The key is to have the wisdom to distinguish between the two. If I had the wisdom to know with absolute certainty that I could change something, then I would have the confidence to pursue it wholeheartedly. However, wisdom is abstract and does not have a precise standard, so I believe that this wisdom can be replaced by another means - self-awareness.

Many things have not gone as planned because of a lack of correct understanding - understanding of work cycles, understanding of my own abilities, understanding of available resources, etc. People often draw premature conclusions out of laziness, avoiding the complexity of exploration. However, this often leads to wrong actions.

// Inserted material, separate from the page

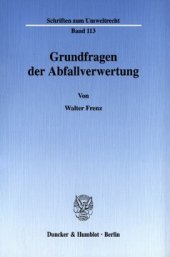 book Grundfragen der Abfallverwertung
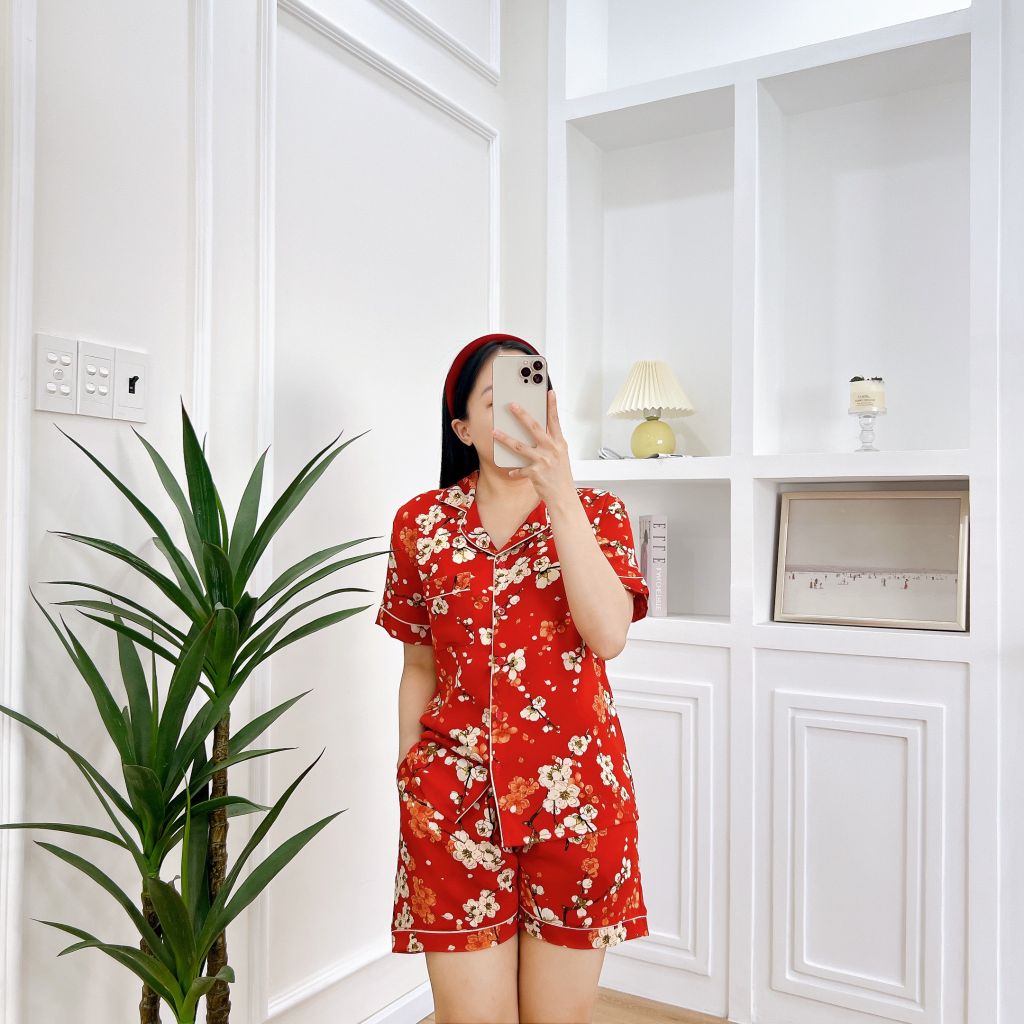 Pijama nữ Lụa Mango TNQN Satino - Envie Red Orange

Having a clear self-awareness is difficult for me. I often waver because of others' evaluations and opinions. I don't have a strong enough heart to easily digest the cold water thrown at me by others or their comments that they think are insignificant. It takes me a long time to recover and regain my confidence. On the other hand, I am also easily complacent, and any positive evaluation from others can make me feel proud. So when I do something that I am not completely confident about, I try to avoid letting others know. When there is no external influence, I can have a clearer understanding of myself.

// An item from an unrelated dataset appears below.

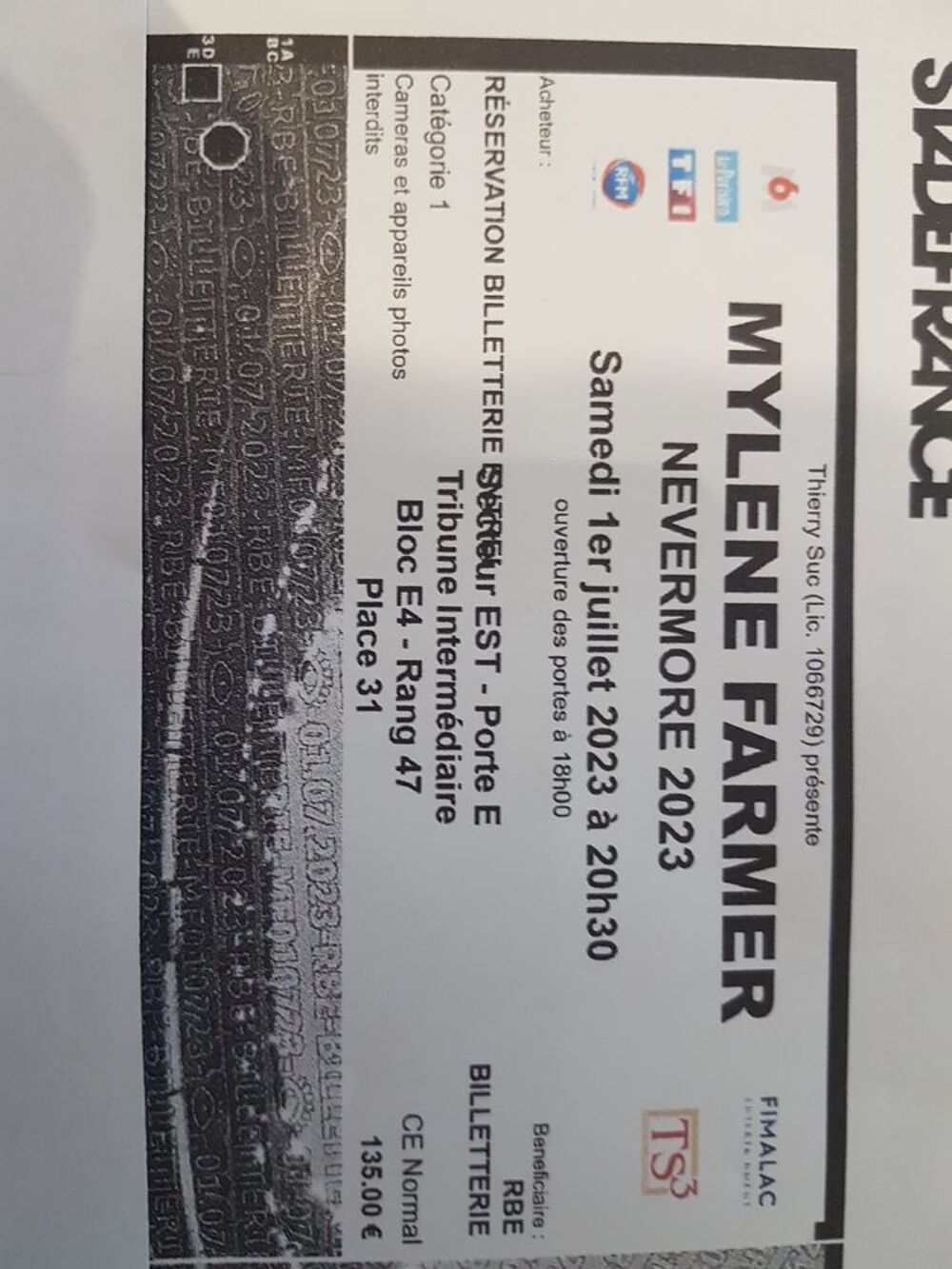 Concert Myl&egrave;ne farmer Billetterie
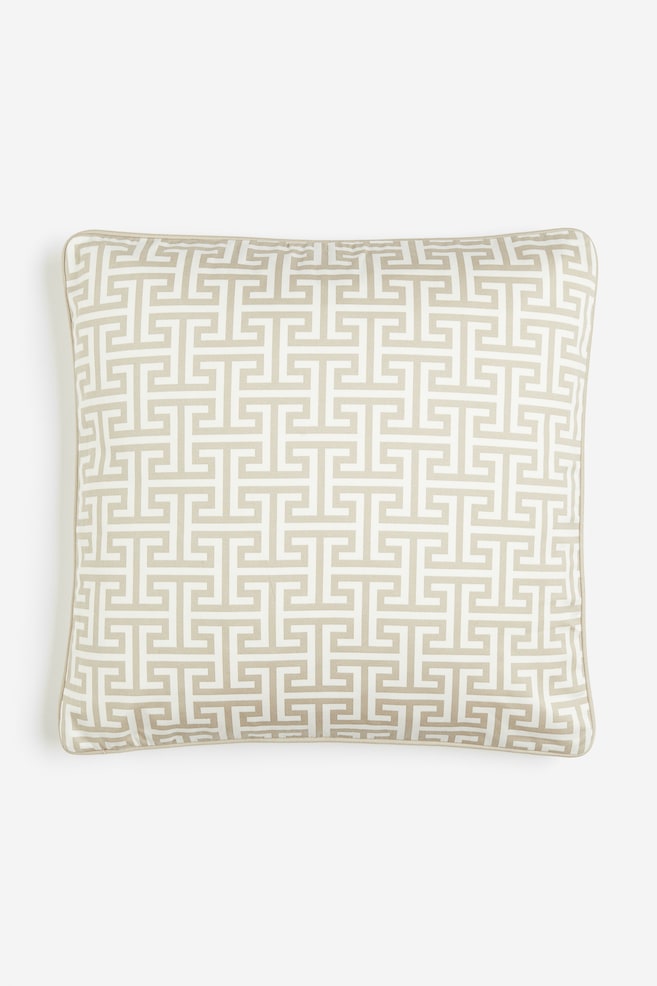 Patterned cotton cushion cover - Light beige/Patterned/Cream/Patterned/Brown/Patterned - 1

In these 21 years, I have gradually come to understand myself, reconciling with myself. I hope this is also a form of growth.

Be an Interesting Person#

I have always wanted to be a humorous and interesting person. I believe that being able to make others genuinely laugh is a great power.

But when I talk about humor, I don't mean the ability to pick up on jokes or use trendy internet phrases. For example, when someone is good at playing a game, people would say "6" (a slang term meaning "awesome"). Over time, the word "6" has become overused and applied to various situations, resulting in a decline in its quality.

What's even scarier is that after a while, I realized that the number "6" has replaced many words in my mind. When interacting with friends, "6" has become the first word that comes to mind, and everything is praised as "666" (meaning extremely good). Undoubtedly, I have lost some ability to think independently, which has also caused me to suppress my true thoughts.

Independent thinking and having unique perspectives are prerequisites for being interesting. I hope to observe the world and think for myself with my own eyes.

Gratitude#

Although turning 21 comes with many regrets, I am also surrounded by lovely people who make me feel loved. Just this alone is enough to dispel any gloom. Thank you to my family and friends who have always been there for me.

This year's birthday is Pokémon-themed!

Life is bright, everything is lovely, the world is worth it, and the future is promising.